Я не отвечал. Взглянул на него, потупился и только немного погодя дрогнувшим голосом сказал:

— Я просил бы господина штаб-лекаря, если возможно, не настаивать на этом вопросе…

— Вы здесь не вправе ничего утаивать, — строго проблеял он в ответ. — Если я спрашиваю — значит, эти сведения для нас существенны. Напоминаю вам, что в ваших интересах сообщить, отчего умер ваш отец.

— Он был похоронен по церковному обряду, — отвечал я; грудь у меня стеснило от волнения, я не мог ничего рассказать по порядку. — Я могу представить доказательства, бумаги, свидетельствующие о церковном погребении, а также о том, что за гробом шли многие офицеры и профессор Шиммельпристер. Его преподобие настоятель нашего собора отец Шато упомянул в своем надгробном слове, что револьвер выстрелил случайно, когда отец взял его, чтобы получше рассмотреть, а если у него дрогнула рука, если он в тот момент вообще не совсем владел собой, то это потому, что нас посетила великая беда… — Я сказал «посетила великая беда» и употребил еще несколько высокопарных и патетических выражений. — Разорение костлявой рукой постучалось в наши двери! — воскликнул я вне себя и для пущей наглядности постучал в воздухе согнутым пальцем, — ибо мой отец попался в сети злодеев; по милости этих кровопийц и душегубов все наше имущество было распродано, вывезено… даже… эолова… эолова арфа… — бессмысленно пробормотал я, чувствуя, что меняюсь в лице, так как сейчас должно было произойти то самое. — Эолова ар…

И в это мгновенье случилось следующее: мое лицо исказилось — впрочем, этим словом мало что сказано. Оно исказилось так страшно и небывало, как может исказить лицо смертного только дьявольское наваждение, а не человеческая страсть. Оно буквально разъехалось на все четыре стороны — вверх, вниз, вправо и влево — и тут же все сжалось, как от удара; омерзительная кривая ухмылка прорезала сначала левую, потом правую щеку, соответственно один глаз зажмурился с такой силой, словно у него слепило веки, а другой раскрылся до того непомерно широко, что я, к ужасу своему, ясно ощутил — вот-вот у меня выскочит глазное яблоко. Но будь что будет, мне в эту минуту было не до нежной заботы о своих глазах. Хоть эта противоестественная мимика и должна была возбудить у всех наблюдавших ее ту степень удивления, которую уже принято обозначать словом «ужас», но она являлась еще только прелюдией к тому ведьмовскому шабашу, к той адской битве гримас и судорог, что в ближайшие секунды разыгралась на моем юном лице. Подробно описать все видоизменения черт, все отвратительные позитуры, которые принимали мой рот, нос, мои брови и щеки, короче говоря — все мои лицевые мускулы — и все это в непрестанной молниеносной смене, так что ни одна из этих мерзких гримас не повторилась дважды, — право же было бы непосильным предприятием. Замечу только, что душевные движения, которые хоть как-то отвечали бы таким физиологическим феноменам, — столь идиотическая резвость, столь крайнее удивленье, сумасшедшее сладострастье, нечеловеческая мука и буйный зубовный скрежет, — были бы уже порождением не здешнего мира, а инфернального царства, где стократ разрастаются земные наши страсти.

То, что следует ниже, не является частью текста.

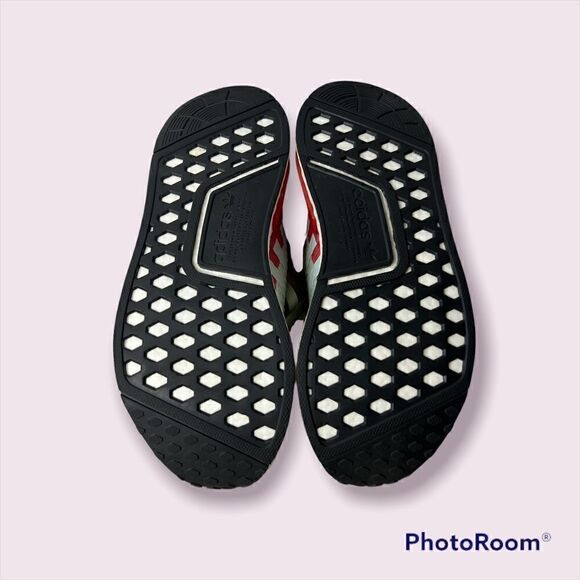 Adidas Ultraboost Boost Green Red Stretch Shoes - Picture 3 of 4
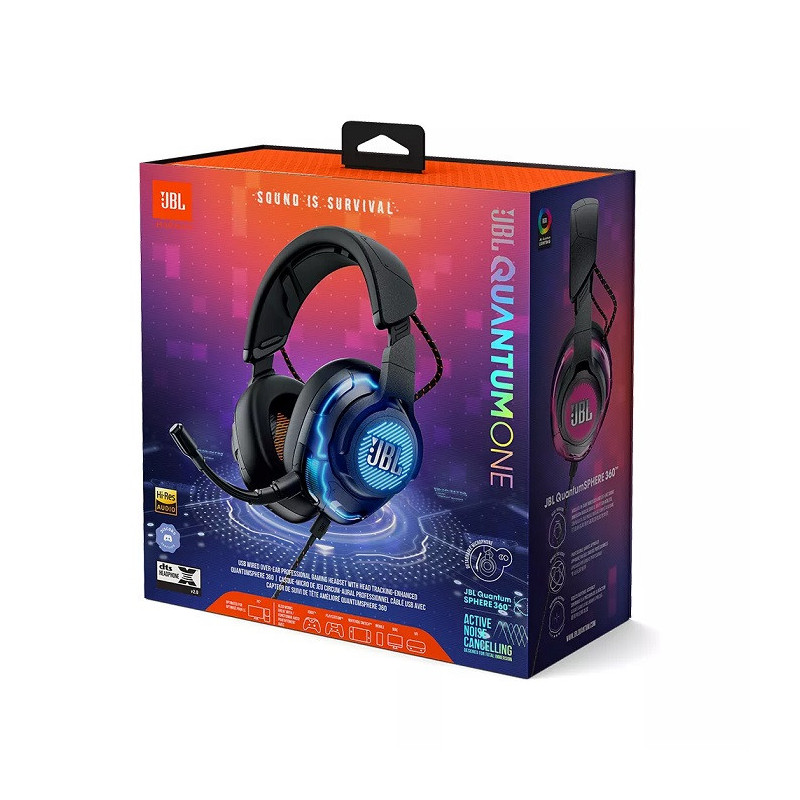 Micro-casque Gaming Quantum One Noir - JBL - JBLQUTONEBLK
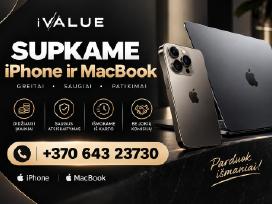 Perku iPhone Ir MacBook Su Defektais Arba Be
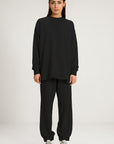 LONG SWEATSHIRT - PIMA TERY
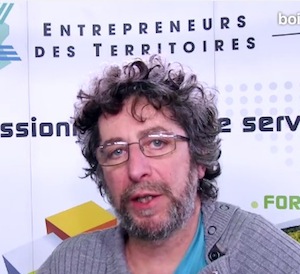 François Pasquier au salon BOIS ENERGIE 2016, image Jeremy Hugues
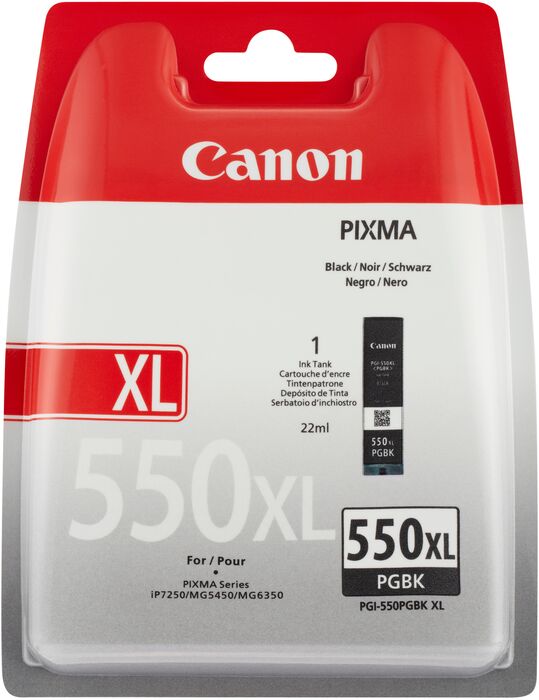 Canon PGI-550PGBK XL blekhylki - Svart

Тело мое тоже не оставалось покойным, хотя я стоял, и стоял все на том же месте. Голова вертелась так, что, казалось, лицо и затылок, меняются местами, словно некто, завладевший моим телом, намеревался свернуть мне шею; плечи и руки как бы вывинчивались из суставов, бедра прогибались, колени ввернулись внутрь и стукались друг о друга, живот ввалился, а выпятившиеся бедра готовы были прорвать кожу; пальцы на ногах свела судорога, а в пальцах на руках не оставалось ни единого сустава, который не согнулся бы наподобие фантастического когтя; и вот в таком состоянии, точно под адской пыткой, я пробыл не меньше-двух третей минуты.